*** Source material

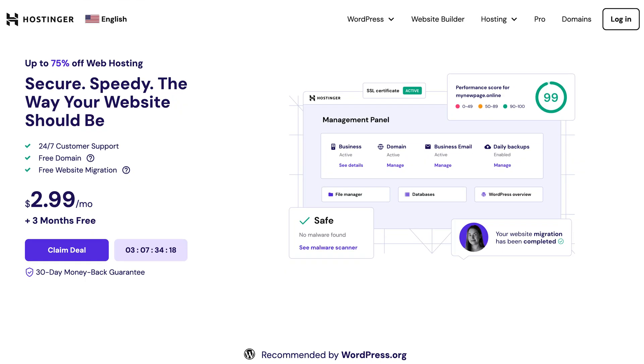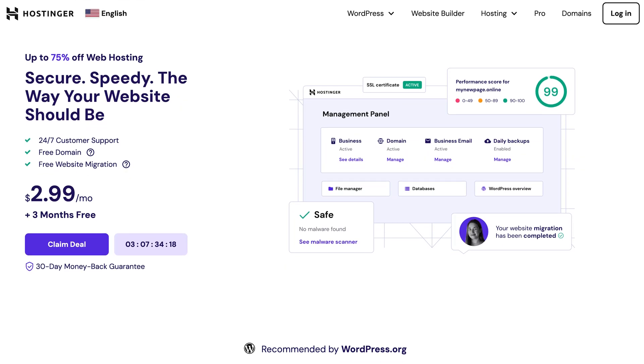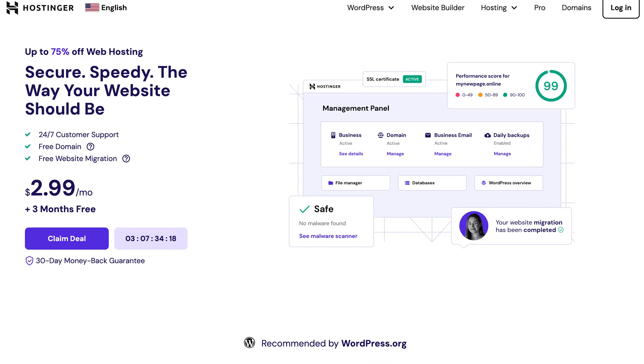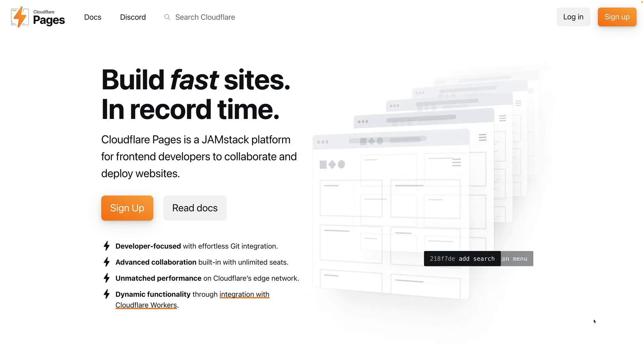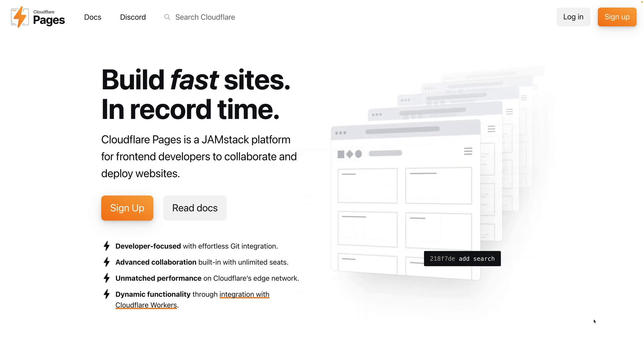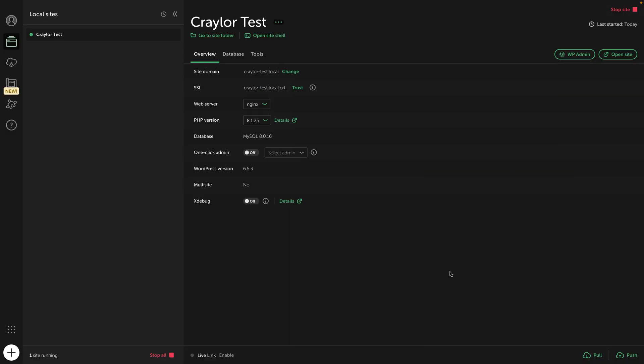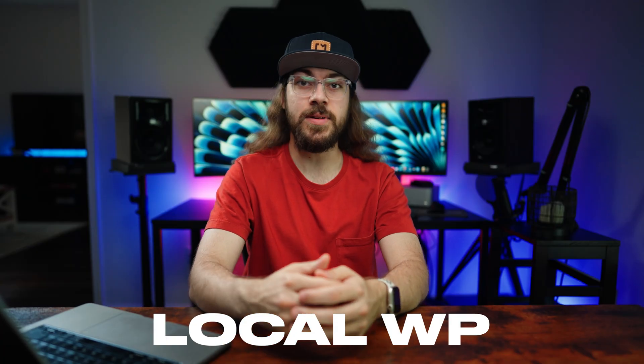For us to export a WordPress site to HTML, we first need to set up WordPress somewhere so that we can build the site. But since the goal is to use Cloudflare Pages as a free solution, and Cloudflare Pages can't run WordPress, we can work around this by running WordPress locally on your computer. There's a few ways to do this, but I like using a free tool called LocalWP.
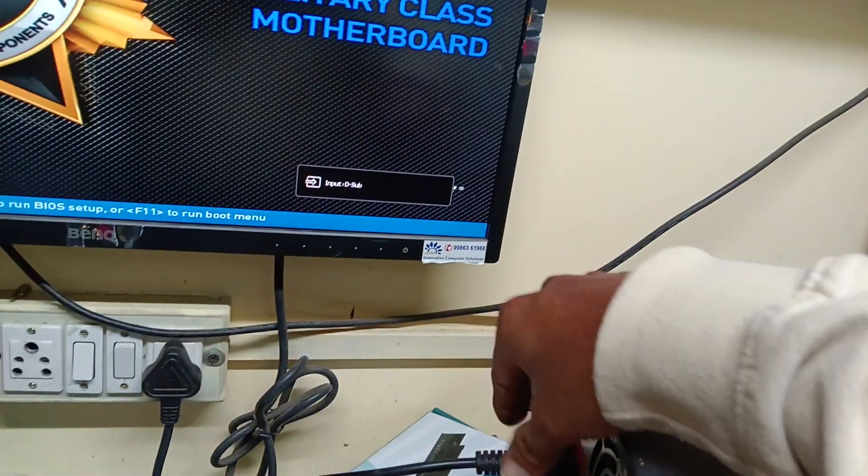It will start booting. Otherwise we have one more option I will show you.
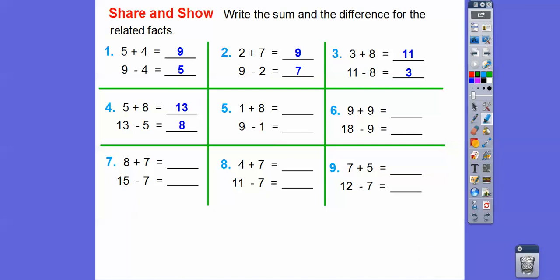One plus eight is going to be nine, so nine minus one is going to be eight. Nine plus nine is going to be eighteen, so eighteen minus either this number or this number is going to be the other one — nine. Eight plus seven: eight plus eight is sixteen, so eight plus seven is one less than sixteen, which is fifteen. Fifteen minus one of those numbers gives the other. Four plus seven is eleven, so eleven minus one of those numbers is the other. Seven plus five is twelve, and twelve minus one of those numbers is going to be the other number. Pretty easy.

******

- Task objective: Nothing should appear in the reply except the lines from the start of the listing above through the line with "It will start", repeated exactly and free of pictures.

- Task output:
For us to export a WordPress site to HTML, we first need to set up WordPress somewhere so that we can build the site. But since the goal is to use Cloudflare Pages as a free solution, and Cloudflare Pages can't run WordPress, we can work around this by running WordPress locally on your computer. There's a few ways to do this, but I like using a free tool called LocalWP.
It will start booting. Otherwise we have one more option I will show you.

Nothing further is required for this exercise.